By October 2000 the group planned for a “retreat” at Wye River, Maryland. But this time the group’s relationship with the temperamental NASA administrator changed dramatically in ways that would sound to familiar to anyone who knew about Dan Goldin. The group had always enjoyed a good relationship with Goldin, who had been friendly and supportive of their research. By October, though, Goldin had become aware of substantial projected cost overruns on the International Space Station program. When he went to Wye River he was extremely skeptical about the project that they had just spent over a year working on. Goldin managed to keep the ISS cost overruns secret until after election day, but thereafter the relationship between him and the DPT was strained. “Up until that point Goldin really enjoyed talking with the DPTers,” Garber said one member of the DPT told him in an interview. But at the meeting Goldin “gave them a tremendous amount of grief for stuff that really wasn’t under their control.”

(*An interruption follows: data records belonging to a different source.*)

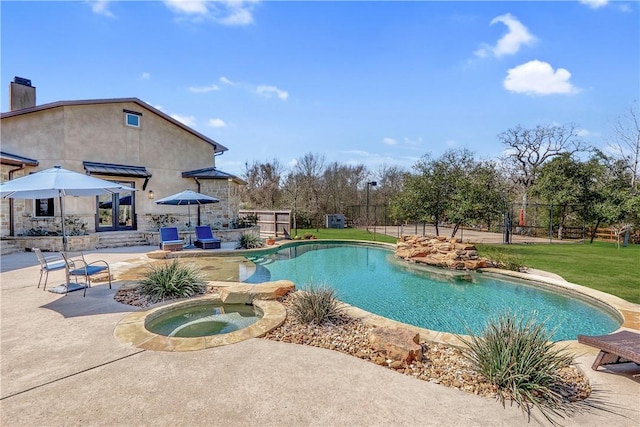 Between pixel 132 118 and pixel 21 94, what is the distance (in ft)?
15.8

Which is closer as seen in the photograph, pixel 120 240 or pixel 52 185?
pixel 52 185

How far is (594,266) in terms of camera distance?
11.1 m

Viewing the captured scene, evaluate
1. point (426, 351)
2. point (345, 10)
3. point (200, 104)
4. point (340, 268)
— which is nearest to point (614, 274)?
point (340, 268)

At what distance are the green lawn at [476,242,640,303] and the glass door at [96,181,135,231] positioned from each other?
17754 millimetres

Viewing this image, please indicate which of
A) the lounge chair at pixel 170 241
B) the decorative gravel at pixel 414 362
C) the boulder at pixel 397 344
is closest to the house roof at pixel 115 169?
the lounge chair at pixel 170 241

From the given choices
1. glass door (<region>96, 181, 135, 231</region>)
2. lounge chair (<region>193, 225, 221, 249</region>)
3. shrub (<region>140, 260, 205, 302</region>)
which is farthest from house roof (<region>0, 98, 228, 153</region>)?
shrub (<region>140, 260, 205, 302</region>)

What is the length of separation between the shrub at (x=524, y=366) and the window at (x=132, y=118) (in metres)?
18.0

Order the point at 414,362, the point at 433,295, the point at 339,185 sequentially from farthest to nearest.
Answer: the point at 339,185
the point at 433,295
the point at 414,362

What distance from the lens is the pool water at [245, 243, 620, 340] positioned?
632 centimetres

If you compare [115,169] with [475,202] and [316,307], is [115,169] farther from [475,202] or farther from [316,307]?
[475,202]

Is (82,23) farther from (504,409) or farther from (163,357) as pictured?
(504,409)

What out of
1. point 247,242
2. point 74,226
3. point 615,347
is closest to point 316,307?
point 615,347

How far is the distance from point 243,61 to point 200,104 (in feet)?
13.6

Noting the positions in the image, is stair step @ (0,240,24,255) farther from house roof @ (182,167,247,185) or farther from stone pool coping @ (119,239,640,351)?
house roof @ (182,167,247,185) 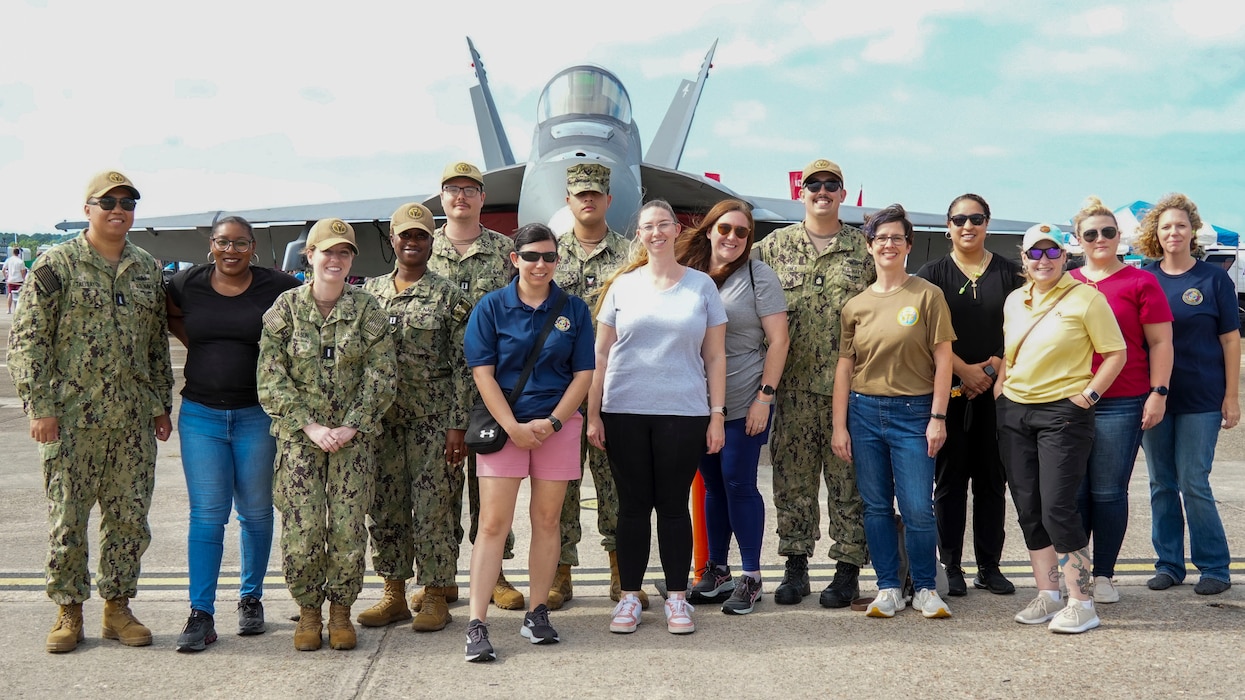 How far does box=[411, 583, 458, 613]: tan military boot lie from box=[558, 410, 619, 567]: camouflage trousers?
1.72 ft

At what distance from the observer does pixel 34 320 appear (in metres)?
3.58

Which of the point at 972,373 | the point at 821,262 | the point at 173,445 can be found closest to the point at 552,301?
the point at 821,262

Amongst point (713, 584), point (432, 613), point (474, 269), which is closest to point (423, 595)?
point (432, 613)

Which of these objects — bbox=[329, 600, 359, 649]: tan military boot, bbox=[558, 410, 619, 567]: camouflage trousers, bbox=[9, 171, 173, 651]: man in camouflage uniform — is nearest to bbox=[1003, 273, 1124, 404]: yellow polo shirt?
bbox=[558, 410, 619, 567]: camouflage trousers

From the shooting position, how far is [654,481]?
3.92 meters

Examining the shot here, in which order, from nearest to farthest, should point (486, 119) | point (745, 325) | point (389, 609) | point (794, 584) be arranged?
point (389, 609) < point (745, 325) < point (794, 584) < point (486, 119)

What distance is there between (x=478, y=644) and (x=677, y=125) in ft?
80.6

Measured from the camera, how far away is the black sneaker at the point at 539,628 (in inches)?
146

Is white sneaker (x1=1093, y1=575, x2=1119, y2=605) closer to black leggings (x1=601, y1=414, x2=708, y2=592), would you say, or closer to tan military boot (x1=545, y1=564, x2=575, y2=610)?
black leggings (x1=601, y1=414, x2=708, y2=592)

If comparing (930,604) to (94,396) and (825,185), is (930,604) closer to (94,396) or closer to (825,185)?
(825,185)

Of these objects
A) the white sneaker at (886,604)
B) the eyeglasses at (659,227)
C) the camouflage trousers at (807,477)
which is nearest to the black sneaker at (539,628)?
the camouflage trousers at (807,477)

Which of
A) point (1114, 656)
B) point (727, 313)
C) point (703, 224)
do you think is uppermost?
point (703, 224)

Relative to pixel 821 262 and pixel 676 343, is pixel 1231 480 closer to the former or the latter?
pixel 821 262

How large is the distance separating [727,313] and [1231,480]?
5385 mm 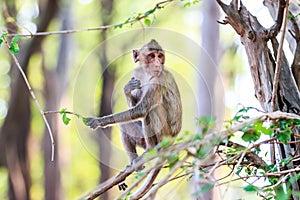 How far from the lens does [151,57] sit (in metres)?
1.71

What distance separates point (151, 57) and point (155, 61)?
2 centimetres

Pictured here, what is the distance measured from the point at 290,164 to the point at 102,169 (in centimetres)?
429

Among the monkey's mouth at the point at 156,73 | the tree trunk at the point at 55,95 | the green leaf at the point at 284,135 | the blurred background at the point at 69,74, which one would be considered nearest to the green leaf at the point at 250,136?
the green leaf at the point at 284,135

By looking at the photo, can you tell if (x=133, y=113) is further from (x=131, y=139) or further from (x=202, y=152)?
(x=202, y=152)

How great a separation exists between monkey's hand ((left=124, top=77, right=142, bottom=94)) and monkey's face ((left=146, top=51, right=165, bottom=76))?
0.06 meters

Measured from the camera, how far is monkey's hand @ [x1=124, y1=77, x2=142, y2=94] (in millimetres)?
1664

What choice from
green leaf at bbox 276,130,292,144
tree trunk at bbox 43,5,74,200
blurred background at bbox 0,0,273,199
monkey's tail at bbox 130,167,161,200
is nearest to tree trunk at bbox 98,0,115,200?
blurred background at bbox 0,0,273,199

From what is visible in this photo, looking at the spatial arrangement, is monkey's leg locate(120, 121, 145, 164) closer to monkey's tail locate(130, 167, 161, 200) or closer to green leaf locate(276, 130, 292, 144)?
A: monkey's tail locate(130, 167, 161, 200)

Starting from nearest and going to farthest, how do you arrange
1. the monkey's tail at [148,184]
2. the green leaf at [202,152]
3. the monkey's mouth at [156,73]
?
the green leaf at [202,152] → the monkey's tail at [148,184] → the monkey's mouth at [156,73]

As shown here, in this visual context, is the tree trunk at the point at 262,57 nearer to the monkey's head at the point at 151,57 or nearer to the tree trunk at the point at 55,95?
the monkey's head at the point at 151,57

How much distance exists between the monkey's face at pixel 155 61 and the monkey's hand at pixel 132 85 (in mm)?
61

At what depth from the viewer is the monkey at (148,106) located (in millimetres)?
1695

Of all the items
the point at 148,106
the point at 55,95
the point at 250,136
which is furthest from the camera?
the point at 55,95

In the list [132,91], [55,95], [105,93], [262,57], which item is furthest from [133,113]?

In hindsight, Goldin’s attitude was understandable. One of the main reasons to keep the Decadal Planning Team effort hush-hush was that NASA was supposed to be constructing the space station and devoting its energies to getting it operational after long delays. Cost overruns for ISS called into question NASA’s ability to manage large projects, and proposing a new expensive project when NASA’s credibility was smashed made little sense.
Despite this, the DPT continued its work and by early 2001 Garvin was replaced by Gary Martin, who was at the time assistant associate administrator for advanced systems in the Office of Space Flight. Martin had a very different personality than Garvin: “He was more of an engineer type, one that thinks in boxes,” said Garber. “This shift of personalities represented a new phase of what DPT was doing.” The group began focusing on architectures for their plan—how to launch the payloads, carry the people, and keep them alive, as well as what they would do in space.